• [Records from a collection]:
········
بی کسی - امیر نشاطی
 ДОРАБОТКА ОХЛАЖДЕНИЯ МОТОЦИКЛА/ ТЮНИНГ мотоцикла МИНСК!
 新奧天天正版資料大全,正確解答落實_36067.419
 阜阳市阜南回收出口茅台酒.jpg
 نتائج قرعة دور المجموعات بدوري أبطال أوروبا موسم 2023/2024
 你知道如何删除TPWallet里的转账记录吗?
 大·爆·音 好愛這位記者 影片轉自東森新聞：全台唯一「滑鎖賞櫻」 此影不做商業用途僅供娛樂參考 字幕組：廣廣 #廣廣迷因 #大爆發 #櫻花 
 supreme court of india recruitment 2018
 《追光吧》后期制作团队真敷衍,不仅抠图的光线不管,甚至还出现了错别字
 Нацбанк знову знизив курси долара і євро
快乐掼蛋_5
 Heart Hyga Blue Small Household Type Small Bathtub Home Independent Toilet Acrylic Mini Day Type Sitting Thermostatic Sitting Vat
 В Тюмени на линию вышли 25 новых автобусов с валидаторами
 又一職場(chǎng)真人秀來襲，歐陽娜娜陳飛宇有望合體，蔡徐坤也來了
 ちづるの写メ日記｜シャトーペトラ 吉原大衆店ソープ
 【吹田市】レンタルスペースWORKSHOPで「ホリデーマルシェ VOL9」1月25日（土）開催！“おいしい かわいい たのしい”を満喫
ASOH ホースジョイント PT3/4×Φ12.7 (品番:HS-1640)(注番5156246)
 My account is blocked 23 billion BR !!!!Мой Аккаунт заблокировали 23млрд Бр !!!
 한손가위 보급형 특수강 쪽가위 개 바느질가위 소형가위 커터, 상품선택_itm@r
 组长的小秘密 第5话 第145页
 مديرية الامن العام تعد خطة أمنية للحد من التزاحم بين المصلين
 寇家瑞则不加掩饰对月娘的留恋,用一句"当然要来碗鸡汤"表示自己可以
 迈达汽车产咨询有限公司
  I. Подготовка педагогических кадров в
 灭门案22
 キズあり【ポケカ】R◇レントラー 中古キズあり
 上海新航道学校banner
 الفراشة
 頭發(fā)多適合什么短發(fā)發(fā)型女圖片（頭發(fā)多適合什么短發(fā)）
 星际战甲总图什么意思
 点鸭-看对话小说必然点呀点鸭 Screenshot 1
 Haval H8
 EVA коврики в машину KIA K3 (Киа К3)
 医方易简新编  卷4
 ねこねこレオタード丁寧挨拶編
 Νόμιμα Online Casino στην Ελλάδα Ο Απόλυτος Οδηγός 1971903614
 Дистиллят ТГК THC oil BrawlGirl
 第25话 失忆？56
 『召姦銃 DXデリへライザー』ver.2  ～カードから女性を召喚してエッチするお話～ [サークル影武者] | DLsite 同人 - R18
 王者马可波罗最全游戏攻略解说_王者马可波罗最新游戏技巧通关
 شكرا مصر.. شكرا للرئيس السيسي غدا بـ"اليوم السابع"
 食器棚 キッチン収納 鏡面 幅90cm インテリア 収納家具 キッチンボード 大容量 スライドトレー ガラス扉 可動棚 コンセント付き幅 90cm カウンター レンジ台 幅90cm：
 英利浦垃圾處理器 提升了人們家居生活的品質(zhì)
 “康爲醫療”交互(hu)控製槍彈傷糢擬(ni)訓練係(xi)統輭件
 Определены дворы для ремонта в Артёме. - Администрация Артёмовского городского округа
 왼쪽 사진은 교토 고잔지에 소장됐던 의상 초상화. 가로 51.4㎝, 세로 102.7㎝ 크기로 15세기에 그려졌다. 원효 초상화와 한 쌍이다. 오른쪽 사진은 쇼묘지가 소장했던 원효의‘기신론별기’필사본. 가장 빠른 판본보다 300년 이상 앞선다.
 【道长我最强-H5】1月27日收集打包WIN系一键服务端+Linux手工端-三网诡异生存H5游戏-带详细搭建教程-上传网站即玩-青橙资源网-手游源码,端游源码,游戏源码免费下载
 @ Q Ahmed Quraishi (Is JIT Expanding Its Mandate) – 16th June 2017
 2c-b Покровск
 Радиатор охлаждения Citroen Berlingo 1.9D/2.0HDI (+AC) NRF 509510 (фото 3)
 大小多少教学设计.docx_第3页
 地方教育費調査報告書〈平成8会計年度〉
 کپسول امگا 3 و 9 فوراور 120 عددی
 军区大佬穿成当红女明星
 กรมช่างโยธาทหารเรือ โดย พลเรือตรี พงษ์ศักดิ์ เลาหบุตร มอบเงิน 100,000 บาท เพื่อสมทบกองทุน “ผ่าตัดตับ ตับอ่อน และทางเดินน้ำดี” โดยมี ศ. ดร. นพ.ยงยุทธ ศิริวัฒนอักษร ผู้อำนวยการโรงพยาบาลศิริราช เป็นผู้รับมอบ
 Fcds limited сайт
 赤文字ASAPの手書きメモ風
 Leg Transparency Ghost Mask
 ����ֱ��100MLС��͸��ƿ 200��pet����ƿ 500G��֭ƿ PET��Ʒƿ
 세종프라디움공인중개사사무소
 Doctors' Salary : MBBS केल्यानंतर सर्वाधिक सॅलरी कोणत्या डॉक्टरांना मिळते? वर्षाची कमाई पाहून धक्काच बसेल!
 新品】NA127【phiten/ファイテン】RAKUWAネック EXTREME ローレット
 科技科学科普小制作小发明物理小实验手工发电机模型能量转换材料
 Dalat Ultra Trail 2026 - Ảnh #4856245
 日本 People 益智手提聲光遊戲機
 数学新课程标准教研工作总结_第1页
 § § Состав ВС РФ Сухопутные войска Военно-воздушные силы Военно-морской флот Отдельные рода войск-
········
Could you print, word for word, the line containing "16th June 2017" and every line after it through the end of the records, and nothing else?

 @ Q Ahmed Quraishi (Is JIT Expanding Its Mandate) – 16th June 2017
 2c-b Покровск
 Радиатор охлаждения Citroen Berlingo 1.9D/2.0HDI (+AC) NRF 509510 (фото 3)
 大小多少教学设计.docx_第3页
 地方教育費調査報告書〈平成8会計年度〉
 کپسول امگا 3 و 9 فوراور 120 عددی
 军区大佬穿成当红女明星
 กรมช่างโยธาทหารเรือ โดย พลเรือตรี พงษ์ศักดิ์ เลาหบุตร มอบเงิน 100,000 บาท เพื่อสมทบกองทุน “ผ่าตัดตับ ตับอ่อน และทางเดินน้ำดี” โดยมี ศ. ดร. นพ.ยงยุทธ ศิริวัฒนอักษร ผู้อำนวยการโรงพยาบาลศิริราช เป็นผู้รับมอบ
 Fcds limited сайт
 赤文字ASAPの手書きメモ風
 Leg Transparency Ghost Mask
 ����ֱ��100MLС��͸��ƿ 200��pet����ƿ 500G��֭ƿ PET��Ʒƿ
 세종프라디움공인중개사사무소
 Doctors' Salary : MBBS केल्यानंतर सर्वाधिक सॅलरी कोणत्या डॉक्टरांना मिळते? वर्षाची कमाई पाहून धक्काच बसेल!
 新品】NA127【phiten/ファイテン】RAKUWAネック EXTREME ローレット
 科技科学科普小制作小发明物理小实验手工发电机模型能量转换材料
 Dalat Ultra Trail 2026 - Ảnh #4856245
 日本 People 益智手提聲光遊戲機
 数学新课程标准教研工作总结_第1页
 § § Состав ВС РФ Сухопутные войска Военно-воздушные силы Военно-морской флот Отдельные рода войск-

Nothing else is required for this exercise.